PNP 30.09.16: Erst die Wohnung, dann der Job

Veröffentlicht am 05.10.2016 in Allgemein

Zwei Kisten voll mit noch offenen Wohnungsgesuchen hat Annette Heidrich in ihrem Büro. Auch wenn der Markt zunehmend abgegrast ist, will sie ohne Abstriche weitermachen. Foto: Kleiner

74 Unterkünfte hat das BRK seit Jahresanfang an Asylbewerber vermittelt – Jetzt wollen sie sich an die Arbeitssuche wagen

Altötting. Jung, männlich, alleinstehend und aus Afrika? "Da wird’s schwierig", weiß Annette Heidrich. Da gerät dann auch die rheinische Frohnatur an ihre Grenzen. Ansonsten aber können die 49-jährige Burgkirchnerin und ihre "Auftraggeber" eine erfolgreiche Zwischenbilanz ziehen. So erfolgreich, dass diese Woche auch hoher Besuch aus München nur staunen konnte.

Seit Jahresbeginn ist Annette Heidrich im Auftrag des BRK damit beschäftigt, für anerkannte Flüchtlinge eine Wohnung zu suchen. Haben die Neuankömmlinge einen offiziellen Status, müssen sie theoretisch raus aus den Unterkünften, die ihnen zuvor der Staat gestellt hat. Doch wohin? Eine eigene Wohnung finden? Ohne Deutschkenntnisse? Als absolute Fremde im Land? Ein Unterfangen nahe an der Unmöglichkeit.

Schon im vergangenen Jahr hatten die Bürgermeister deswegen Alarm geschlagen. Wären doch sie es, die im Fall der Obdachlosigkeit für die Flüchtlinge sorgen müssten. Ihrem Vorschlag aber, auf Landkreisebene eine Stelle einzurichten, erteilte Landrat Erwin Schneider damals eine klare Abfuhr – weil er den Landkreis dafür nicht zuständig sah und weil er deutsche Wohnungssuchende nicht benachteiligen wollte. Diese müssten schließlich auch ohne Hilfe zurecht kommen, argumentierte Schneider. Letztlich einigte man sich darauf, dass der Kreis Geld zur Verfügung stellt und sich das BRK des Problems annimmt.

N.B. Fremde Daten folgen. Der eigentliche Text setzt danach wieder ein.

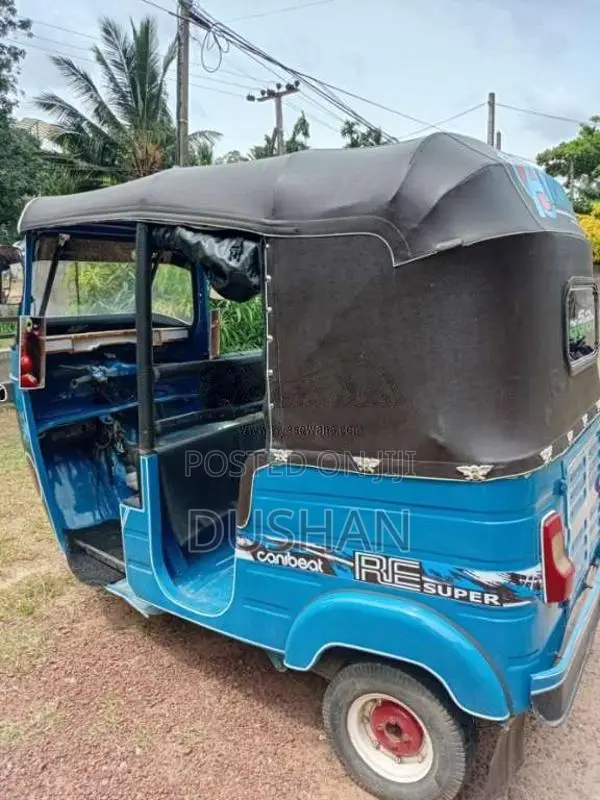 Bajaj 2 Stroke 2002 Three Wheel (Used)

Seitdem ist Annette Heidrich am Werk. Sie durchstöbert nicht nur Inserate. Sie hält auch draußen die Augen offen. Entdeckt oder hört sie von einem Leerstand, spricht sie die Besitzer an. Und das oft mit Erfolg: "Etwa ein Drittel der Wohnungen bekomme ich", schätzt sie. Angesichts vieler Vorbehalte gegenüber Flüchtlingen und Hartz-IV-Empfängern eine durchaus stattliche Zahl. "Ein weiteres Drittel sagt, dass sie nicht an Leute ohne eigenes Einkommen vermieten, das letzte Drittel will generell nicht an Ausländer vermieten", erzählt Heidrich.

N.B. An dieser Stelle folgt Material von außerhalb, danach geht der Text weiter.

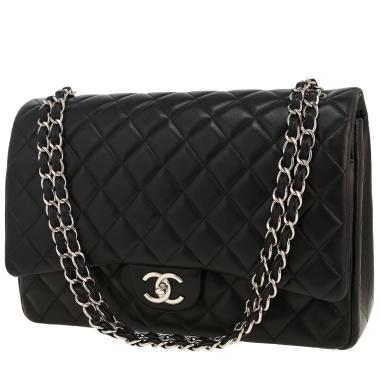 Chanel  Timeless Maxi Jumbo handbag  in black quilted leather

50 vermittelte Wohnungen bis Jahresende hatte BRK-Direktor Josef Jung Annette Heidrich im Januar als Wunschvorstellung mit auf den Weg gegeben. Jetzt, drei Monate vor Jahresende, liegt die Burgkirchnerin bereits bei 74. "57 Wohnungen, sechs Häuser, elf Zimmer", rechnet sie vor. Mehr als 200 Flüchtlingen hat sie auf diese Weise zu eigenen vier Wänden verholfen. Und damit auch die Situation in den vom Landkreis angemieteten Unterkünften entspannt – schließlich gelten anerkannte Asylbewerber dort bislang als "Fehlbeleger" und müssten eigentlich raus aus den Erstunterkünften. Doch einfach auf die Straße setzen will sie der Landkreis auch nicht.

Dass Heidrich erfolgreich vermitteln kann, hat sie auch einer umtriebigen Hintergrundarbeit zu verdanken: dem Landkreis, der das Projekt finanziert, und der breiten Vernetzung des Roten Kreuzes. Sei es, dass ihr Büro nur einen Katzensprung von denen der anderen Migrationsverantwortlichen beim BRK entfernt ist, oder auch, dass sie über die Helferkreise bestens über die Lage vor Ort informiert wird.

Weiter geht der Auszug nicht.